The research results will be presented at PLDI (Programming Language Design and Implementation), an international academic conference in the field of programming languages that is scheduled to be held in June this year.
[Research Results]
A Deep Learning Optimization Framework for Versatile GPU Workloads
Wookeun Jung, Thanh Tuan Dao, and Jaejin Lee
(PLDI’21, conditionally accepted with shepherding)
Widely used deep learning frameworks such as PyTorch and TensorFlow rely heavily on the cuDNN library provided by NVIDIA. However, pre-implemented libraries such as that of cuDNN have diverse types of deep learning operators which show limitations of difficulties in achieving high performance the more the hardware becomes diversified, and optimization such as fusion cannot be applied.
This study proposes DeepCuts, a deep learning optimization framework that generates optimal code using given deep learning operations and GPU hardware information. DeepCuts generates efficient code through fusion-considered code generation techniques and performance modeling and achieves higher performance than that of existing state-of-the-art deep learning optimization frameworks (Apache TVM, Google TensorFlow XLA, NVIDIA TensorRT).
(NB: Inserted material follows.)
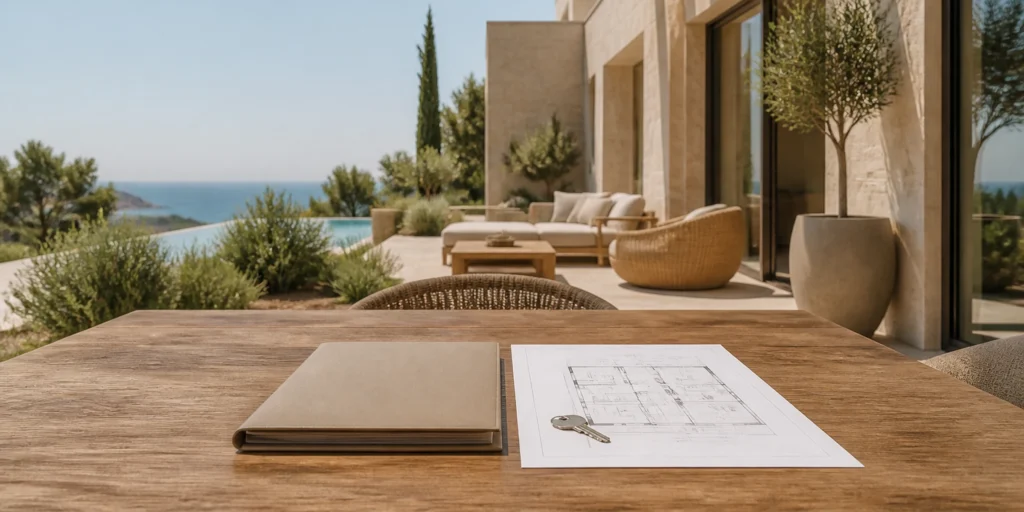 Foreign buyers reviewing buying property in Spain with a lawyer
[Explanation of Key Terms]
1. Deep learning compiler framework
It refers to software that receives a deep learning application irrespective of hardware information as an input and generates optimized code for execution in a hardware accelerator (e.g. GPU) at the bottom. Representative examples include TensorFlow XLA developed by Google, TensorRT developed by NVIDIA and TVM of Apache.
2. GPU
An abbreviation for Graphics Processing Unit, it was used only for graphic processing, but now is used for general purpose calculations to increase performance and power efficiency, and is a de facto standard platform that executes inference and learning of deep learning in the field of AI.
3. PyTorch and TensorFlow
The most widely used software framework for the development and execution of deep learning models in the field of AI. The deep learning models that were developed using them are optimized through Google's TensorFlow XLA, NVIDIA's TensorRT, and Apache's TVM.
It represents a series of processes for generating a GPU program by receiving a Computation Graph representing a deep learning operation from PyTorch or TensorFlow as an input. Candidate generator determines candidate operations for generating optimization codes or clusters of operations through fusion. The performance estimator receives these and uses hardware information (GPU) and implementation parameters to predict the performance for when these operations are implemented in real GPU code through a simple predictive model. Depending on the prediction result, the code implementation with very poor performance is filtered and passed to the code generator. The code generator creates and executes several sets of actual codes, and finally selects the best performing code.